Whitney's extension theorem states that if $D \subset \mathbb{R}^n$ is closed and $f: D \to \mathbb{R}$ is $C^k$ in some sense to be specified below, then $f$ can be extended to $\mathbb{R}^n$ so that it is real analytic on $D^c$. Now let me specify what it means to be $C^k$ in the sense that we want - we will call this Whitney $C^k$.
We say that $f: D \to \mathbb{R}$ is Whitney $C^k$ (on $D$) if there exist functions $f_\alpha: D \to \mathbb{R}$, $|\alpha| \le k$ (note here $\alpha$ is a multindex with $n$ entries) s.t. for all $x,y \in D$ and $\alpha \in \mathbb{Z}^n$, $$f_\alpha (x) = \sum_{|\beta| \le k-|\alpha|} \frac{f_{\alpha + \beta}(y)}{\beta !} (x-y)^\beta +R_\alpha(x,y)$$ with $R_\alpha$ having the following property: Given any point $z \in D$ and any $\epsilon > 0$ there exists a $\delta > 0$ s.t. if $x, y \in A$ and $|z-x|< \delta$ and $|z-y|< \delta$ then $|R_\alpha (x,y)| \le \epsilon |x-y|^{k-|\alpha|}$.
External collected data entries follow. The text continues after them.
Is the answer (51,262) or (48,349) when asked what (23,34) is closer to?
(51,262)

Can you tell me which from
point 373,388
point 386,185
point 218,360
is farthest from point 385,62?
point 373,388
Now for my question. I am wondering for what closed sets can we say that if $f$ is $C^k$ (see the Edit below for definition) then it is Whitney $C^k$. Phrased differently, I am wondering for what closed sets (with $C^k$ functions defined on these sets) can we apply Whitney's extension theorem.
I have been able to show that if $D$ is the closure on an open bounded convex set and $f: D \to \mathbb{R}$ is $C^k$ then $f$ is Whitney $C^k$. To see this one applies the multivariable Taylor's theorem (integral version- see here https://en.wikipedia.org/wiki/Taylor%27s_theorem#Taylor.27s_theorem_for_multivariate_functions). Notice that the proof, and therefore the estimates, rely on integrating along a line segment - this is where convexity is used. I suspect this can be generalized to $D$ being the closure of a connected open set with suitably smooth boundary (i.e. $C^\infty$).
References are also appreciated.
Edit: For completeness, let me add the definition of $C^k$ on the closure of an open set. Let $U$ be an open set, then $f: \overline{U} \to \mathbb{C}$ is $C^k$ if all the partial derivative of $f$ up to order $k$ extend continuously to $\overline{U}$.